Any movement in that direction (and there’s already been some) must be viewed as frighteningly anti-democratic. It’s bad enough to be doctored and lawyered by a priesthood; to be ruled by one would mean the end of a very old and very central strain of American democracy.
For 200 years, representative government has drawn its strength from diversity, and from the idea that the shape of the nation lies in the hands of all citizens, not just those of proper pedigree— hereditary, academic, or otherwise.
Not surprisingly, the priesthood that has long been a source of legitimate resentment on the part of the rest of the country is a source of pride at Harvard. In the 1982-83 Kennedy School bulletin, Elliot Richardson engages in the usual alumni puffery (“Harvard is as old as antiquity and as new as tomorrow’s Nobel Prize-winning discovery”), but he also waxes off onto an entirely different plane: “What Harvard stands for is more important to me than what it is or what it has done. Harvard for me is John Winthrop’s city upon a hill; the eyes of all people are upon it.”

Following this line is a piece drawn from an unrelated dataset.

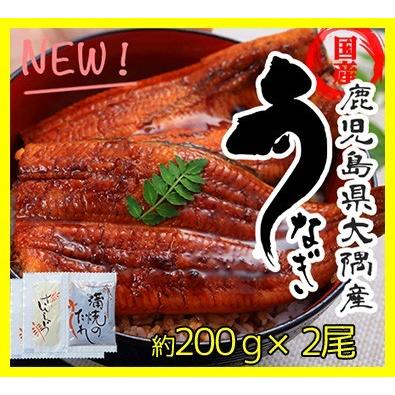 鹿児島 鰻 大隅産 特大 肉厚で美味しい 鰻の蒲焼き 国産ウナギ 200g×2尾 山椒・タレ付 うなぎ お中元 土用丑の日 うなぎ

In that one bit of chauvinistic fluff, Richardson put his finger right on the justification not only for the Kennedy School, but for the whole honeycombed system of meritocratic professionalism that Harvard symbolizes. The real city on a hill John Winthrop saw when he sailed into Massachusetts Bay, the real New Jerusalem, was, of course, America itself. But here in the hands of Harvard the democratic promise of the New World and the meritocratic promise of professionalism become one and the same. Harvard doesn’t hate America, it mistakes itself for it. Thus Derek Bok could propose last year that colleges should make financial aid decisions solely on the basis of SAT scores—how else should it be? The credentials say it all. In the America of his dreams, anyone can grow up to be president, but he’ll be a better president if Harvard screens him first.

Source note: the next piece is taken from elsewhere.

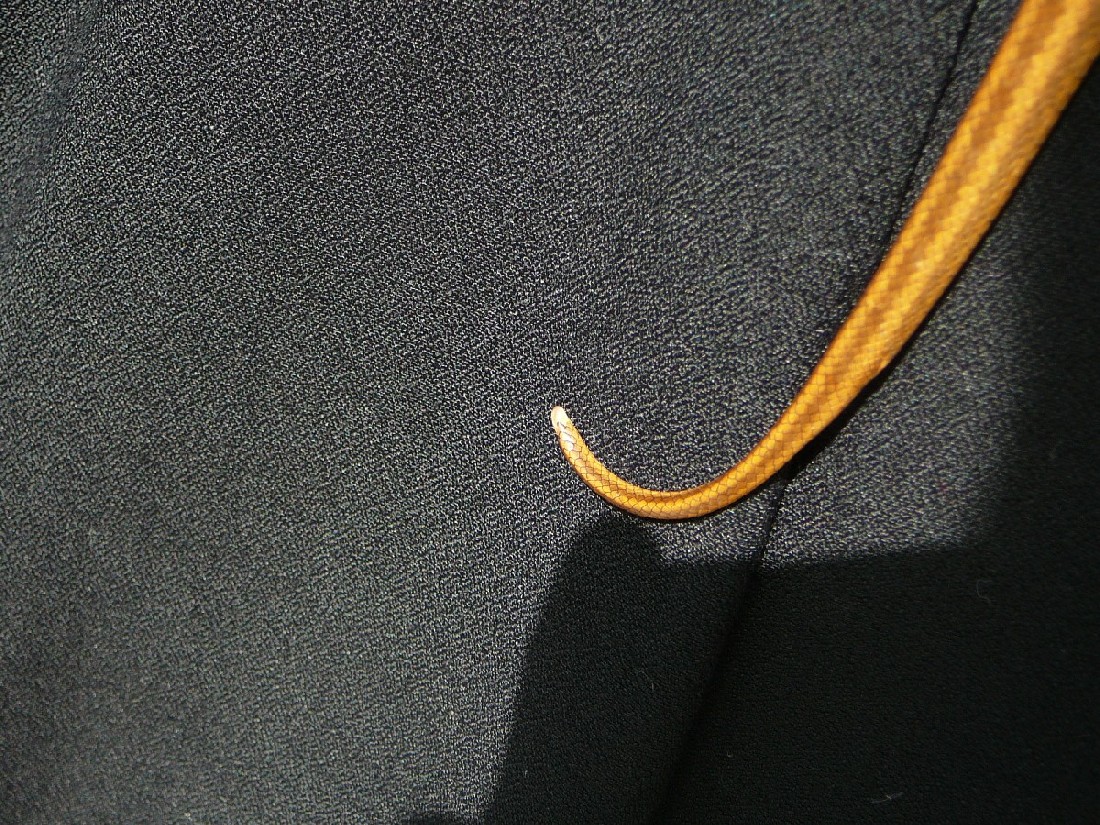 Snake Tail 2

Luckily, the real greatness of the American democratic system always seems to poke its head through at appropriate moments. When the idea of dropping the name Kennedy from the school was raised in 1981, all of the models and specialized knowledge in the world could not have told Graham Allison and the other administrators just how unpopular the idea would be. The only way they could have known was to venture far enough beyond the ivory tower to learn of the bond that connected the people of Cambridge, Massachusetts, to John F. Kennedy—and to apply some human, political judgments all citizens should know how to make. But of course they didn’t have to go to Harvard to learn that.